To save CPU/GPU/TPU there should be a high-frequency sound, as in people can’t hear, so the computers talking to each other and switch to a faster way to communicate.
If this is included you also have way to detect if you are talking to a bot/duplex.
Yes, but it could be very subtle and low bandwidth at first, and once both sides were convinced the other was a machine switch to a full speed screeching 56k modem [1].
Or just communicate "hey actually connect to this HTTP/XMPP/whatever address on the internet and we'll continue this from there"
1. Probably a bit slower, I've heard modern VoIP lines don't work well with traditional modems?
Sure, but they should consider the future. That number will only get smaller, especially if Duplex or other services say "we'll handle all your phone and online bookings for you for $SMALL_FEE, and still forward other inquiries to your phone as before".
So just put it in the hearable spectrum. Phones already make all kinds of sounds that no one under the age of 35 has any clue what they mean or why they are needed, and frankly they aren't.

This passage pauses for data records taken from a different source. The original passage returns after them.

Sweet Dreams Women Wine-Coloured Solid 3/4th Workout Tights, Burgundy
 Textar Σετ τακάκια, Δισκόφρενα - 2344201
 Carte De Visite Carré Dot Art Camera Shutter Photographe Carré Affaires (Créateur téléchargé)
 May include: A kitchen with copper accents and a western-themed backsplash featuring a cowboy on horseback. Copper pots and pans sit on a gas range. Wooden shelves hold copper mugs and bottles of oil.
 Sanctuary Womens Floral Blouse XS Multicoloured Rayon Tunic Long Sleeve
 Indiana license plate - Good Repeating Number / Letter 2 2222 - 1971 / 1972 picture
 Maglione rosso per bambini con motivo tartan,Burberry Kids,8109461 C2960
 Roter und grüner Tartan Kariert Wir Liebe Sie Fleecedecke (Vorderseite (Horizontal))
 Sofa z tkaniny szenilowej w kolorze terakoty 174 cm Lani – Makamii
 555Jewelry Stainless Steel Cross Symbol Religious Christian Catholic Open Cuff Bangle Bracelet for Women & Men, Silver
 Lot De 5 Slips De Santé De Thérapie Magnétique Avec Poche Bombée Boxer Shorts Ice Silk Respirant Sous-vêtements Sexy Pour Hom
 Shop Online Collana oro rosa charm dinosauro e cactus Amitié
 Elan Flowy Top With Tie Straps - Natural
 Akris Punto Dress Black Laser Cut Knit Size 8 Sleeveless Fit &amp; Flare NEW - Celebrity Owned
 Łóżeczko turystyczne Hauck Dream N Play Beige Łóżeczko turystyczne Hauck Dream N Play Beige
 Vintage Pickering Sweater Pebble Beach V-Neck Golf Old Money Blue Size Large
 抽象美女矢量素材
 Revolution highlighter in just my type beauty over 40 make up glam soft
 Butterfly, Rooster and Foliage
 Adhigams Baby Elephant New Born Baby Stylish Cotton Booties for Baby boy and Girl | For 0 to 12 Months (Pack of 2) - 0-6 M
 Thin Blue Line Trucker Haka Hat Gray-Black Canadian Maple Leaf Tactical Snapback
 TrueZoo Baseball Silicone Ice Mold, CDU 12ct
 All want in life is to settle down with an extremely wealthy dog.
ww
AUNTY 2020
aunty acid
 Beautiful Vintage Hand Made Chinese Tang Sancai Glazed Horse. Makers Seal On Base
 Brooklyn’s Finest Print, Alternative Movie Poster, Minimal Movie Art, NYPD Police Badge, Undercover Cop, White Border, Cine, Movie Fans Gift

Yes, and lots of sounds that the human ear can hear but are not used to decode speech. Also the audio is frequently recoded as calls pass from infrastructure to infrastructure.
However while this is useful to bootstrap a new technology rollout, 10 years on its just technical debt.
The amount of tech debt in the system behind credit cards is crazy, because originally charges where phoned in to the card issuer manually, and everything from then on - magstripe, chip & PIN, online only transactions, etc, has all been built on top, and the leaky abstractions show through in daily difficulties with the card system for end users, like lack of real-time balance (in some cases), lack of transaction metadata, etc.
On the other hand, the credit card system's backcompat does mean that you can still accept credit cards when the power's out. You just write down the number (or use an imprint machine) and let the customer go. And the semantics of credit mean that you can still make that charge even if an online transaction would have resulted in a decline—offline transactions are never declined, they just cause overdrafts.
I wonder if that resilience is worth the immense amount of infrastructure and engineering that is spent on maintenance of the technical debt. Does that maintenance drive up processing fees? I suspect it does, but not in any amount sufficient to explain the size of those fees.
True! Although I think that's more of a byproduct, rather than something designed into the system at the moment, and I suspect we could do better with designing it. For example, I doubt many shops have those imprint machines any more.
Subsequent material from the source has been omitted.